MAHMUT AKPINAR | YORUM
Türkiye iç ve dış operasyonlara açık olma açısından en aciz, zayıf dönemini yaşıyor. Bir ülkenin savunması sadece orduyla askerle yapılmaz. Toplumun duyarlılığı, milletin hassasiyetleri, medyanın farkındalığı, entelektüellerin sorumluluk alması, anayasal organların görevlerini yapması, adalet sisteminin adil işlemesi, güvenlik birimlerinin (muhaliflere değil) suçluya odaklanması, eğitimin sorumlu vatandaşlar yetiştirmesi, din adamlarının vicdani ve ahlaki hassasiyetleri beslemesi gibi pek çok konu ülke refah ve gelişiminin olduğu kadar, savunmasının parçasıdır.
Bir ülkeyi sadece askerler savunmaz. Barış zamanlarında, asimetrik saldırılar olduğunda, ekonomik, siyasi, toplumsal krizlerde bütün bu unsurlar ülke için hayati önemdedir.
Eğer kurumlar yerli yerinde işler, toplum duyarlılığını, birlikteliğini korursa, çürüme ve yozlaşmaya maruz kalmazsa Milli Mücadelede olduğu gibi halkın, ülkenin refleksleri tepki verir. Ama güvenlik birimleri suça bulaştı, kurumlar bitirildi, halk da sürekli verilen narkozla uyutulduysa, yöneticiler “gaflet ve dalalet içinde” ise ülke umulmadık anda bir operasyona maruz kalabilir, kendisini ameliyat masasında bulabilir.
Ülkenin savunmasız, operasyona açık olduğu konusunda endişelenmek için çok fazla sebep var. Ama ben olaya “demokratik” olma iddiasındaki Türkiye’de siyasi partiler üzerinden bakacağım.
Siyasi partiler iktidara geldiklerinde devletin organlarını, ülkenin imkanlarını, kaynaklarını kontrol ederler. Elbette muhalefet partileri STK’lar, TBMM, yargı ve siyaset dışı yapılar iktidarı denetler, dengeler kontrol eder, sorgular. Milletin, ülkenin çıkarlarını korumaya çalışırlar. Siyasi partilerin muhalefette olduklarında asli misyonu budur. Hatta, iktidarda olsa dahi, bir siyasi parti yanlış, hukuksuz işlerden parti içi muhalefet sayesinde kurtulabilir.
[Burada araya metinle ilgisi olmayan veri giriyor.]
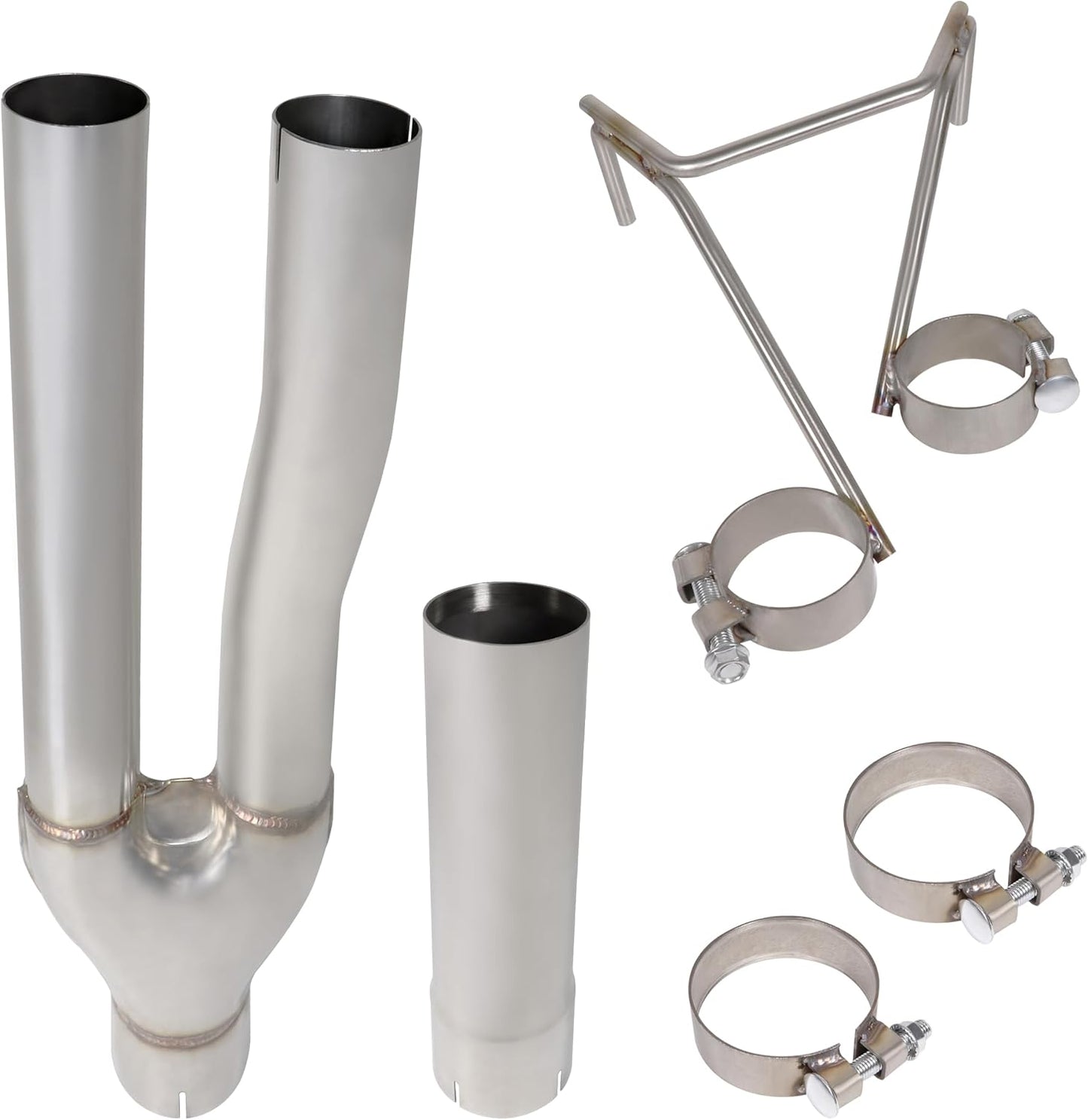 Dual Exhaust Muffler Y-Pipe Kit for Dodge Ram 1500 Hemi Pickup Trucks 5.7L 2009-2019 with 3 inch Innet and 2.25 inch Outlet Y Pipe Muffler, Silver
Ancak Türkiye’de siyasi partiler hemen hiçbir dönemde sivil ve halka dayalı olmadı. Siyasi partilerde üyeler, delegeler çok önemlidir. Ama demokratik kültürün oturmadığı ülkelerde delegeler lidere göre hizaya sokulur veya satın alınır. Delege yapısı zamanla homojenleştirilir.
Parti içi demokrasi Türkiye’de hemen hiçbir dönemde olmadı. Tek Parti döneminde başlayan milletvekillerinin atanması alışkanlığı örtülü şekilde devam ediyor. Erdoğan artık şoförü dahil dilediğini milletvekili yapabiliyor.
Muhalefet partileri de farklı değil. Cumhuriyet’in ana taşıyıcısı olduğu iddia edilen TBMM gerçek manada milletin vekillerinden oluşmuyor. Parlamenterlerin çoğu millete karşı sorumluluk, vicdan borcu duymuyor. Onların göbek bağı kendilerini listeye koyanlarla. Böyle bir parlamentodan milletin çıkarlarını, ülkenin savunmasını beklemek gerçekçi değil.
Bu tablo, iktidarı paylaşan AKP ve MHP için daha fecaat durumda. Erdoğan yıllardır “Ceketimi koysam seçtiririm!” modunda. Bakanlar, milletvekilleri Erdoğan için, koltuğunu, siyasi ikbalini, ailenin ekonomik çıkarlarını korumakta kullandığı “malzeme”den ibaret. MHP’de ise Bahçeli’ye karşı yaprak kımıldayamaz. Kendi evlatları, Ülkü Ocakları eski Genel Başkanı Sinan Ateş, gündüz gözüyle, herkesin önünde öldürüldü. Soruşturması bile yapılamadı, üstü kapatılıyor. Cinayetle ilgili konuşanın başına işler geliyor. Bu arada Ateş cinayetinde MHP ve Ülkü Ocakları’nın da adının geçtiğini burada not düşelim…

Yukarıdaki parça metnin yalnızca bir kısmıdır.